# Goodbye, Little Blue Boy



## fightergirl2710 (Jun 9, 2011)

He came to me by chance, I hadn't planned on getting him. He was accidently given to me as a girl from a gallon tank with 20 others like him. He was less than an inch long, had no fins and no tail and his gills looked askew, I was going to return him because I had no place to keep him but in a matter of 3 days he won my heart. Wiggling for me when I came to see him- even when I waved from across the room! I thought with a little tlc he would grow out his fins and become beautiful again like his brothers. But fate had other plans. In 5 hours yesterday, the Little blue boy caught something bad, nobody seems to know what it was. It ate through his body from the tail up destroying it bit by bit, making it a bleak gray. He still had his spirit, he would still try to move but in the end it was too much for him. His tiny body was too weak and there was no hope. He lived a sad life nipped, bitten and dirty but died peacefully. I hope that he is strong and beautiful in his next life or wherever it is that he goes.
I'll never forget you, Little Blue Boy RIP.


----------



## kgs1992 (Jun 11, 2011)

She turned out to be a he?!
It's so sad he couldn't make it. I'm sure you did all you could for him.
I know he was special for you & you'll always remember him! :'(
He's in fish heaven now! 
We shall miss him..


----------



## fightergirl2710 (Jun 9, 2011)

This was another she who turned out to be a he.. The first one looks amazing now that he's healed, I shall put up pictures.. His fins look perfect now!
Yeah, I tried.. He tried a lot too, till the last breath. And he was a guy who looked like he was smiling... That made it so much worse to see.His spirit was strong but his body was too far gone.. That guy should be shot for having his bettas kept the way he did! All the other fish were kept perfectly! I know I'm over reacting but I'm just so mad!


----------



## kgs1992 (Jun 11, 2011)

No you're not! I understand how you feel!
A smiling betta?! First time I've heard that! 
You were lucky to have had one like him..


----------



## fightergirl2710 (Jun 9, 2011)

Thanks


----------



## Romad (Jun 28, 2009)

Awwww.. poor little guy. 

It was kind of you to give him some love and care at the end of his life.

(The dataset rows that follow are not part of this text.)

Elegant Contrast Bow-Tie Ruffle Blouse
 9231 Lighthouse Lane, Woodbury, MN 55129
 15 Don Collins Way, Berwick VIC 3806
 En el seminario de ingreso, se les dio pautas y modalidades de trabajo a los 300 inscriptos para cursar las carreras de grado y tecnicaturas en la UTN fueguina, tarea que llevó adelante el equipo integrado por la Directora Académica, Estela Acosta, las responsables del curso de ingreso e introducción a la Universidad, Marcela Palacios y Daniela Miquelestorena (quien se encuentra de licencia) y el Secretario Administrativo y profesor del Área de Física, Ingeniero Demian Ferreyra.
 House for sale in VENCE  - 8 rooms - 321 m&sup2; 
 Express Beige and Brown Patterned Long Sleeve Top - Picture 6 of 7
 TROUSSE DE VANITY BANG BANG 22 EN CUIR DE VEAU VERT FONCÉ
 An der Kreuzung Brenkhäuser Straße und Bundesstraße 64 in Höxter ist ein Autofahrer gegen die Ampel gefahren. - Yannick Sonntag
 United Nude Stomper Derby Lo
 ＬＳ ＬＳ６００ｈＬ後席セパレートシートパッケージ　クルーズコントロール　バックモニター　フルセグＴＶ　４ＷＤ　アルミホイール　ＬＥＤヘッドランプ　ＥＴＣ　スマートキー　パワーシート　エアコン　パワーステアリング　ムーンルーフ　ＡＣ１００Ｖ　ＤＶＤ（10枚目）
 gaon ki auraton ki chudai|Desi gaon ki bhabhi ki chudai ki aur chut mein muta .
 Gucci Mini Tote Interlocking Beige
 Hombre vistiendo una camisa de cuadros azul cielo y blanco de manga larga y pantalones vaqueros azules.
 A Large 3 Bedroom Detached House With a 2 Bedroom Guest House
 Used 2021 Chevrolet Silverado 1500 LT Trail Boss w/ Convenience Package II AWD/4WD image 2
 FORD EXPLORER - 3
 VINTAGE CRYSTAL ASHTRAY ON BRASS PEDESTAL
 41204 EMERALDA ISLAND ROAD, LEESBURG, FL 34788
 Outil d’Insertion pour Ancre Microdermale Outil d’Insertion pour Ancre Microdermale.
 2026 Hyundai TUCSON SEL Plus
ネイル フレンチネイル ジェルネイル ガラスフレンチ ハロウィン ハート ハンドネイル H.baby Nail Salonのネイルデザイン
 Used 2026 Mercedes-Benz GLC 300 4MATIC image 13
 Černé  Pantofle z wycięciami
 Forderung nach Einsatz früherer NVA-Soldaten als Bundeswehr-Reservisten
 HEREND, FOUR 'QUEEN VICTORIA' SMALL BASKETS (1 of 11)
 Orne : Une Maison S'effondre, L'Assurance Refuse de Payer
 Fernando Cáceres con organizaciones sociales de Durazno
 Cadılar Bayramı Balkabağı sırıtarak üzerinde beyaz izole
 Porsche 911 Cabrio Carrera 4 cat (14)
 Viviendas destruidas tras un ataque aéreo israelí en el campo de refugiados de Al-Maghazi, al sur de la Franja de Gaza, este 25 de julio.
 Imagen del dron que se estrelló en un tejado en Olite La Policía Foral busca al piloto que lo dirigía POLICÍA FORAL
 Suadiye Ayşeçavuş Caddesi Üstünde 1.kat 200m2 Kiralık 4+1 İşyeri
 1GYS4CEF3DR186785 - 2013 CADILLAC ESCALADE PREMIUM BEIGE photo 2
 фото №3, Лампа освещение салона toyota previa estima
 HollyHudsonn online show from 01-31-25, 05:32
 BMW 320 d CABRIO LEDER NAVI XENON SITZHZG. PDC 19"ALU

RIP fishy.


----------



## fightergirl2710 (Jun 9, 2011)

Thank you for your kind words  I'm sure he is in a better place, wherever he is..


----------



## dramaqueen (Jul 7, 2008)

I'm so sorry for your loss.


----------



## Ashleigh (May 28, 2011)

Such a sad story, almost made me cry D: rest in peace Little Blue Boy.


----------



## Loryen (Feb 16, 2011)

Aw, I'm sure he's smiling at you from some place... RIP


----------



## fightergirl2710 (Jun 9, 2011)

Thanks you guys, even though he was around for such a short time, he grew on me very fast... Thank you for your support!


----------



## Johnificent (Feb 21, 2010)

oh no! im so sorry, but you did a great job with him, so you should be proud! he is waving at you from fishy heaven.


----------



## TheBlueBettaFish (Jun 30, 2011)

Rest In Peace


----------